Performance monitoring and troubleshooting

IBM Spectrum Control can collect information about the performance of storage systems and switches. This information includes key performance metrics and alerts of threshold violations that can help you measure, identify, and troubleshoot performance issues and bottlenecks in your storage.

To monitor the performance of resources and check for threshold violations, complete the following tasks:
  • Add resources for monitoring and schedule data collection
  • Define alerts for performance thresholds
  • View and troubleshoot performance issues

Collect performance data

Before you can troubleshoot and view reports about performance, you must collect data about monitored resources. Performance monitors are data collection jobs that gather performance information about resources. This information includes metrics that measure the performance of the components within a resource. Metrics measure the performance characteristics of volumes, ports, and disks on storage systems and switches. IBM Spectrum Control provides many different metrics for measuring performance. For example, some key metrics for storage systems are I/O rate in I/O operations per second, data rate in MiB per second, and response time in milliseconds.

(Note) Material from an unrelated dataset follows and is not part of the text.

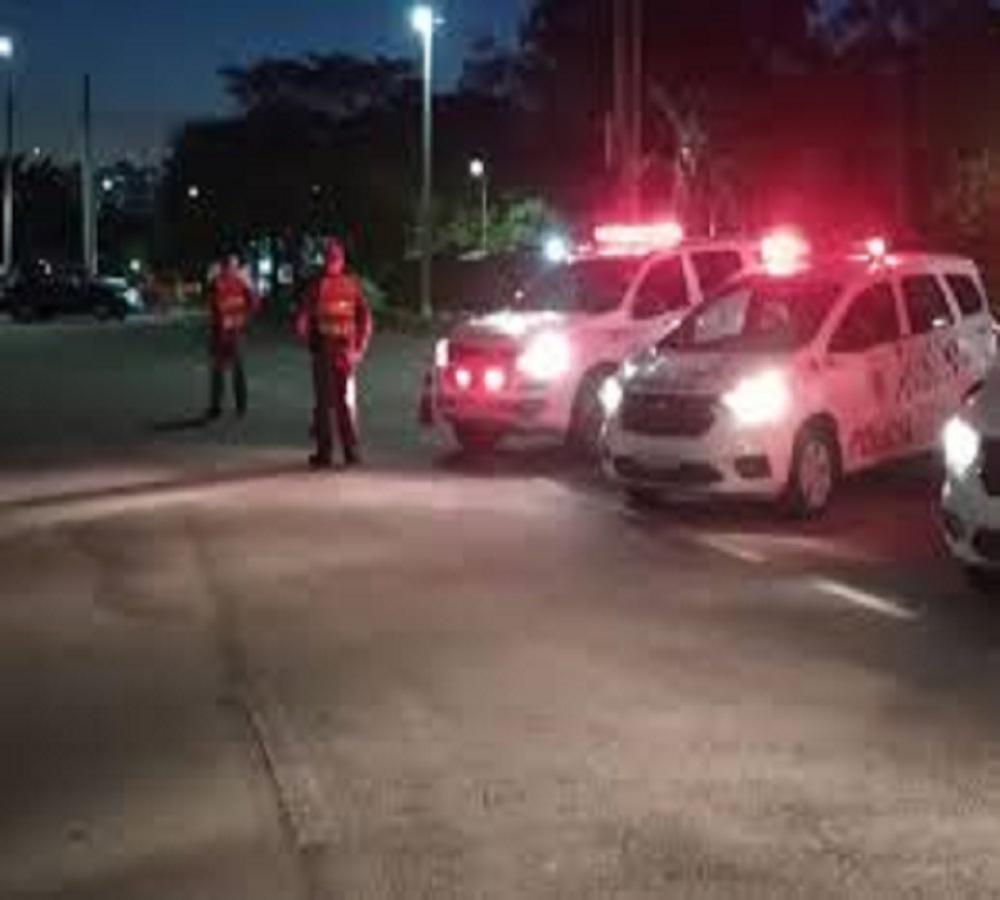 PROCURADOS PELA JUSTIÇA SÃO DETIDOS DURANTE BLOQUEIO NA ZONA LESTE DE ARARAS SP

You can use metrics in IBM Spectrum Control to track growth or change in I/O rates, data rates, and response times. In many environments, I/O and data rates grow over time, and response times increase as those rates increase. This relationship can help with "capacity planning" for your storage. As rates and response times increase, you can use these trends to project when more storage performance and capacity is required.

Define alerts for performance thresholds

Alerts can notify you when the performance of a monitored resource falls outside of a specified range and might represent a potential problem. When you define an alert for an internal component of a resource, select a specific metric that you want to measure and its boundary values. When the performance of a resource falls outside the boundary values, an alert is triggered.

For example, you can define an alert that is triggered when the overall back-end response time for a managed disk on a SAN Volume Controller exceeds a certain value. The overall back-end response time is a metric that measures the average number of milliseconds that it takes to service each I/O operation on a managed disk.

View and troubleshoot performance issues

After data collection and performance thresholds are configured, you can use the web-based GUI to complete the following tasks:
  • Measure, compare, and troubleshoot the performance of switches, storage systems, and their internal resources.
  • Review the threshold violations and alerts that were triggered when the performance of a resource fell outside of a specific range.
  • View performance information in a chart or table format to help you quickly identify where and when performance issues are occurring. The chart is a visual representation of how the performance of resources trend over time.
  • Customize views of performance so that you can analyze specific resources and metrics during time ranges that you specify.
  • Drill down into resources to view detailed information about the performance of internal and related resources. For example, if a SAN Volume Controller storage system is shown in the chart, you can quickly view and compare the performance of its internal and related resources, such as disks, volumes, ports, managed disks, and back-end storage.
  • Implement server-centric monitoring of SAN resources without requiring a Storage Resource agent. When you add an agentless server for monitoring, IBM Spectrum Control automatically correlates that server with the ports on known host connections. If matches are found between the server and host connections on monitored storage systems, you can view the performance of the internal resources that are directly associated with the SAN storage that is assigned to the server. For example, if a SAN Volume Controller maps two volumes to the server, you can view the performance of those volumes and the related managed disks.
  • Export performance information to a CSV file. A CSV file is a file that contains comma-delimited values and can be viewed with a text editor or imported into a spreadsheet application.
  • In the optional Cognos Analytics reporting tool, you can also view and create performance reports about multiple resources.